Apple (NASDAQ:AAPL) just became the most valuable public company in the world by declining less than Exxon Mobil (NYSE:XOM), the previous leader, in Wednesday’s brutal session that saw the S&P 500 plunge 4.42 percent.   

Apple is now worth $337.17 billion and Exxon is second at $330.77 billion.

In 2005, Exxon passed General Electric (NYSE:GE) for the top spot on the back of rising global demand for oil.  In the post-financial crisis world, emerging market urbanization and industrialization is still fueling the oil glut.

However, the hunger for Apple products, both in the developed and developing world, is arguably more insatiable.

Apple’s phenomenal growth is powered by the wild success of its iPhone, iPad, iPod, and other signature products.

For the second quarter of 2011, Apple shipped 20.3 million units of smartphones globally, or 18 percent of the total market share, according to Strategy Analytics.

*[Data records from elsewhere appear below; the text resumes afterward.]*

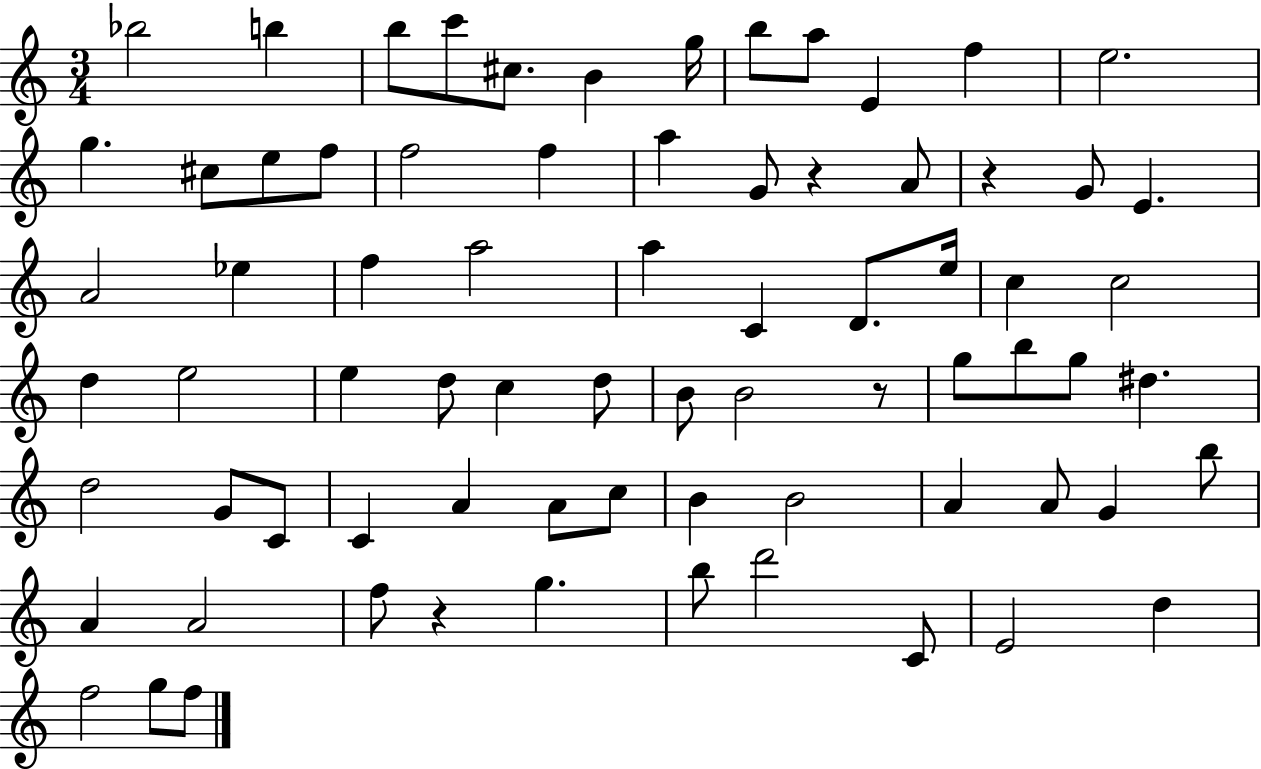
{
  \clef treble
  \numericTimeSignature
  \time 3/4
  \key c \major
  bes''2 b''4 | b''8 c'''8 cis''8. b'4 g''16 | b''8 a''8 e'4 f''4 | e''2. | \break g''4. cis''8 e''8 f''8 | f''2 f''4 | a''4 g'8 r4 a'8 | r4 g'8 e'4. | \break a'2 ees''4 | f''4 a''2 | a''4 c'4 d'8. e''16 | c''4 c''2 | \break d''4 e''2 | e''4 d''8 c''4 d''8 | b'8 b'2 r8 | g''8 b''8 g''8 dis''4. | \break d''2 g'8 c'8 | c'4 a'4 a'8 c''8 | b'4 b'2 | a'4 a'8 g'4 b''8 | \break a'4 a'2 | f''8 r4 g''4. | b''8 d'''2 c'8 | e'2 d''4 | \break f''2 g''8 f''8 | \bar "|."
}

Strategy Analytics also pointed out the strong performance of Apple smartphones in Asia and especially China, which is a growth market that will likely become increasingly important in the future.

A separated report from International Data Corporation (IDC) stated that "Apple thrived in China thanks to strong iPhone 4 demand."

A recent report from Nielsen showed that the iPhone is the most popular U.S. smartphone and the iOS is the second most popular U.S. smartphone OS after Google's Android.

The love of Apple products goes beyond numbers and statistics.  Anecdotal stories of fans waiting overnight in lines and spending all their savings on iPhones are common.

The most extreme "Apple fanboyism" stories, however, arguably come from China.  For example, one Chinese teenager recently sold his kidney to buy an iPad and iPhone, reported Reuters.